Scraped caption text data:
= Beginning of Section =

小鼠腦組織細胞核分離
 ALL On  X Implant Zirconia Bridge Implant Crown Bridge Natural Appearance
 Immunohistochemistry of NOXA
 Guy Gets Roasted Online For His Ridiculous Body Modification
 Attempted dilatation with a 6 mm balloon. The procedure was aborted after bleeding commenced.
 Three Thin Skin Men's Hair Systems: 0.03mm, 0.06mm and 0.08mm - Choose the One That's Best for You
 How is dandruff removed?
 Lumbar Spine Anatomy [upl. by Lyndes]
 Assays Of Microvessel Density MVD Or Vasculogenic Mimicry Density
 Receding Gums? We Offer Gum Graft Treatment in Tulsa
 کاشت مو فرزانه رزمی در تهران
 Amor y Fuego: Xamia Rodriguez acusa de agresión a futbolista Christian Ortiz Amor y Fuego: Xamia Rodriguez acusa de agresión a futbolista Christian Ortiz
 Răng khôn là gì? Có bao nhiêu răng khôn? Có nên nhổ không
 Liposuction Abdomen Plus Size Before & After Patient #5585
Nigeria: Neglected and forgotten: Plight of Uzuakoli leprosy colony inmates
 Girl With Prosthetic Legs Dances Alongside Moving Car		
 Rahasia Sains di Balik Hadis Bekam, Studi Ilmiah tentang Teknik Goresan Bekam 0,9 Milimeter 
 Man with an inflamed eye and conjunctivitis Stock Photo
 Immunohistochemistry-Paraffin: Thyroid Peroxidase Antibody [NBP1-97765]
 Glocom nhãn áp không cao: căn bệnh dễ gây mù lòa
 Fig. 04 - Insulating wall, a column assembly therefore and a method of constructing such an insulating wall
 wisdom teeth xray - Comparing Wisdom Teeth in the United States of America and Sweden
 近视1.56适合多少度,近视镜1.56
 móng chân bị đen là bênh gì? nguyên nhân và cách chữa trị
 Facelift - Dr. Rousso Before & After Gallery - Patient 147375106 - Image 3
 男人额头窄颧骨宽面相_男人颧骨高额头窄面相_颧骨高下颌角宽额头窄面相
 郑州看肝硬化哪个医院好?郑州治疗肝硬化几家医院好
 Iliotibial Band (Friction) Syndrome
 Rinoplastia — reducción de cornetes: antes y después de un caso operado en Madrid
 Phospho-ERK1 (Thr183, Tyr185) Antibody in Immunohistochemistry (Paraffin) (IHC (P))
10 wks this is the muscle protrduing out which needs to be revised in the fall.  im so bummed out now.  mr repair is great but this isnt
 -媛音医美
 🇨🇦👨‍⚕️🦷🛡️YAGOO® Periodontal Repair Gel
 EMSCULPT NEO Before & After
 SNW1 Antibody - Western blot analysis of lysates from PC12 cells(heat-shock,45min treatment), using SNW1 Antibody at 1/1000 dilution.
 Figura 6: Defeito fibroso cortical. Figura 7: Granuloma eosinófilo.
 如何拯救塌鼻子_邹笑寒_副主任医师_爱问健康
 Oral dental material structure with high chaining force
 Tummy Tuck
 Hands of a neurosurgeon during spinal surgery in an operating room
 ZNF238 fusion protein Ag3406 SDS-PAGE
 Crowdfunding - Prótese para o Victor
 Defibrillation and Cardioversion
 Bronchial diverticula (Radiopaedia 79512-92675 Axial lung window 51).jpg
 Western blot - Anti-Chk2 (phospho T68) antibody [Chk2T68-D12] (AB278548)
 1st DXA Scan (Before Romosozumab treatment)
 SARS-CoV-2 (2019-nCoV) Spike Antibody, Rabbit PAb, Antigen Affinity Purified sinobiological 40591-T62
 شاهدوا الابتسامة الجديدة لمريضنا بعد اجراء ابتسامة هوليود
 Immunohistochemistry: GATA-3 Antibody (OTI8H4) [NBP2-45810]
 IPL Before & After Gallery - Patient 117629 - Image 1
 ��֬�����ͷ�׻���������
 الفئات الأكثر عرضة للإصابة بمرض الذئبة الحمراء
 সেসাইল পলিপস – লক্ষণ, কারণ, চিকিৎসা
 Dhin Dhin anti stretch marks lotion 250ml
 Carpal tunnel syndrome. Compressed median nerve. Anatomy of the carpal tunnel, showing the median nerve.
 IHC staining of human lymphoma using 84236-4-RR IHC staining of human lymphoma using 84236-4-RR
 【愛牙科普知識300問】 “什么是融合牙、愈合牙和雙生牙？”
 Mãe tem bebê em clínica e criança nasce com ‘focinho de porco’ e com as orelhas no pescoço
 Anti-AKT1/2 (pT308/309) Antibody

= End of Section =

WHAT YOU ARE ASKED TO DO: Give all the records again. Match them exactly.

ANSWER BOX:
小鼠腦組織細胞核分離
 ALL On  X Implant Zirconia Bridge Implant Crown Bridge Natural Appearance
 Immunohistochemistry of NOXA
 Guy Gets Roasted Online For His Ridiculous Body Modification
 Attempted dilatation with a 6 mm balloon. The procedure was aborted after bleeding commenced.
 Three Thin Skin Men's Hair Systems: 0.03mm, 0.06mm and 0.08mm - Choose the One That's Best for You
 How is dandruff removed?
 Lumbar Spine Anatomy [upl. by Lyndes]
 Assays Of Microvessel Density MVD Or Vasculogenic Mimicry Density
 Receding Gums? We Offer Gum Graft Treatment in Tulsa
 کاشت مو فرزانه رزمی در تهران
 Amor y Fuego: Xamia Rodriguez acusa de agresión a futbolista Christian Ortiz Amor y Fuego: Xamia Rodriguez acusa de agresión a futbolista Christian Ortiz
 Răng khôn là gì? Có bao nhiêu răng khôn? Có nên nhổ không
 Liposuction Abdomen Plus Size Before & After Patient #5585
Nigeria: Neglected and forgotten: Plight of Uzuakoli leprosy colony inmates
 Girl With Prosthetic Legs Dances Alongside Moving Car		
 Rahasia Sains di Balik Hadis Bekam, Studi Ilmiah tentang Teknik Goresan Bekam 0,9 Milimeter 
 Man with an inflamed eye and conjunctivitis Stock Photo
 Immunohistochemistry-Paraffin: Thyroid Peroxidase Antibody [NBP1-97765]
 Glocom nhãn áp không cao: căn bệnh dễ gây mù lòa
 Fig. 04 - Insulating wall, a column assembly therefore and a method of constructing such an insulating wall
 wisdom teeth xray - Comparing Wisdom Teeth in the United States of America and Sweden
 近视1.56适合多少度,近视镜1.56
 móng chân bị đen là bênh gì? nguyên nhân và cách chữa trị
 Facelift - Dr. Rousso Before & After Gallery - Patient 147375106 - Image 3
 男人额头窄颧骨宽面相_男人颧骨高额头窄面相_颧骨高下颌角宽额头窄面相
 郑州看肝硬化哪个医院好?郑州治疗肝硬化几家医院好
 Iliotibial Band (Friction) Syndrome
 Rinoplastia — reducción de cornetes: antes y después de un caso operado en Madrid
 Phospho-ERK1 (Thr183, Tyr185) Antibody in Immunohistochemistry (Paraffin) (IHC (P))
10 wks this is the muscle protrduing out which needs to be revised in the fall.  im so bummed out now.  mr repair is great but this isnt
 -媛音医美
 🇨🇦👨‍⚕️🦷🛡️YAGOO® Periodontal Repair Gel
 EMSCULPT NEO Before & After
 SNW1 Antibody - Western blot analysis of lysates from PC12 cells(heat-shock,45min treatment), using SNW1 Antibody at 1/1000 dilution.
 Figura 6: Defeito fibroso cortical. Figura 7: Granuloma eosinófilo.
 如何拯救塌鼻子_邹笑寒_副主任医师_爱问健康
 Oral dental material structure with high chaining force
 Tummy Tuck
 Hands of a neurosurgeon during spinal surgery in an operating room
 ZNF238 fusion protein Ag3406 SDS-PAGE
 Crowdfunding - Prótese para o Victor
 Defibrillation and Cardioversion
 Bronchial diverticula (Radiopaedia 79512-92675 Axial lung window 51).jpg
 Western blot - Anti-Chk2 (phospho T68) antibody [Chk2T68-D12] (AB278548)
 1st DXA Scan (Before Romosozumab treatment)
 SARS-CoV-2 (2019-nCoV) Spike Antibody, Rabbit PAb, Antigen Affinity Purified sinobiological 40591-T62
 شاهدوا الابتسامة الجديدة لمريضنا بعد اجراء ابتسامة هوليود
 Immunohistochemistry: GATA-3 Antibody (OTI8H4) [NBP2-45810]
 IPL Before & After Gallery - Patient 117629 - Image 1
 ��֬�����ͷ�׻���������
 الفئات الأكثر عرضة للإصابة بمرض الذئبة الحمراء
 সেসাইল পলিপস – লক্ষণ, কারণ, চিকিৎসা
 Dhin Dhin anti stretch marks lotion 250ml
 Carpal tunnel syndrome. Compressed median nerve. Anatomy of the carpal tunnel, showing the median nerve.
 IHC staining of human lymphoma using 84236-4-RR IHC staining of human lymphoma using 84236-4-RR
 【愛牙科普知識300問】 “什么是融合牙、愈合牙和雙生牙？”
 Mãe tem bebê em clínica e criança nasce com ‘focinho de porco’ e com as orelhas no pescoço
 Anti-AKT1/2 (pT308/309) Antibody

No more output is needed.